Rebecca Nelson warily regarded Colleen Lucas.  Rebecca hadn’t cast this all-woman Hamlet; she came on to direct only today, when Sheila Rodriguez called begging for help. Millicent Taylor had fallen ill. “Walking pneumonia”. No matter; the problem now was Colleen Lucas was terrible and Rebecca suspected Colleen had gotten extremely cozy with Millicent to get the part. There was no denying that she was lovely to look at, but seemingly that’s all she was. Was it too late to reframe the show? Rebecca knew several actors who would be splendid, including one who looked like a younger Kevin Kline.

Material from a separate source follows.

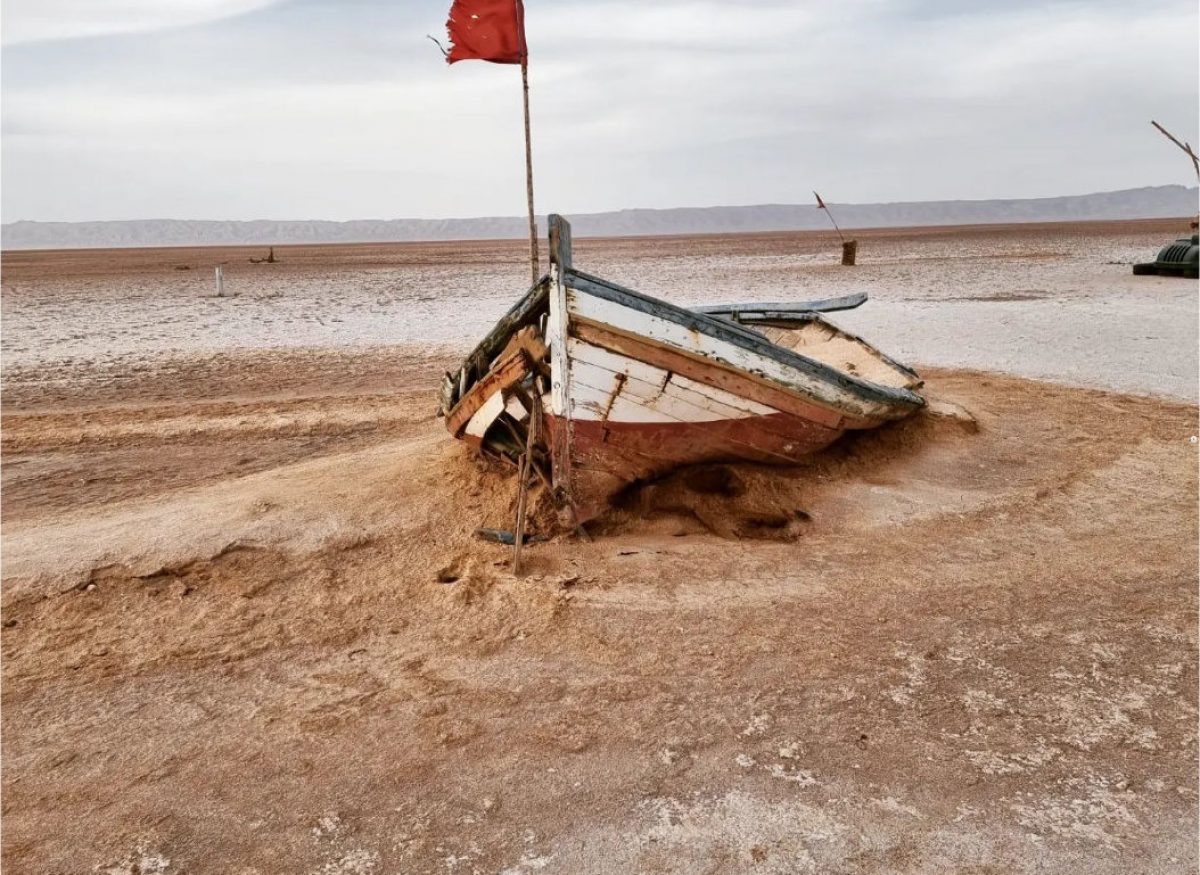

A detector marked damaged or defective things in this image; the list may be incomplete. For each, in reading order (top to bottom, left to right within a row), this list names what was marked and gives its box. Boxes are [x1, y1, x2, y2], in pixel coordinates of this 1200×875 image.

Try to work with what you’ve got, Becs.

“You have read Hamlet?”

“Yes, ma’am. It was sad.”

“What do you think Hamlet’s problem was?”

“Hamlet’s the real king, and his uncle stole the crown.”

“Are you sure that’s the issue?”

“Yeah!”

“’Mad’ here means ‘crazy’, not ‘angry’.”

“Oh… OK. I’m so silly.”

Colleen batted her eyes.

Poor thing. I’m not gay.

“Why do you want to do this play?”

“’Cause it’s famous!”

Oh, Millie. You must bear the slings and arrows of outrageous fortune, because this child must go.

“Come sit by me, Colleen. Let’s chat.”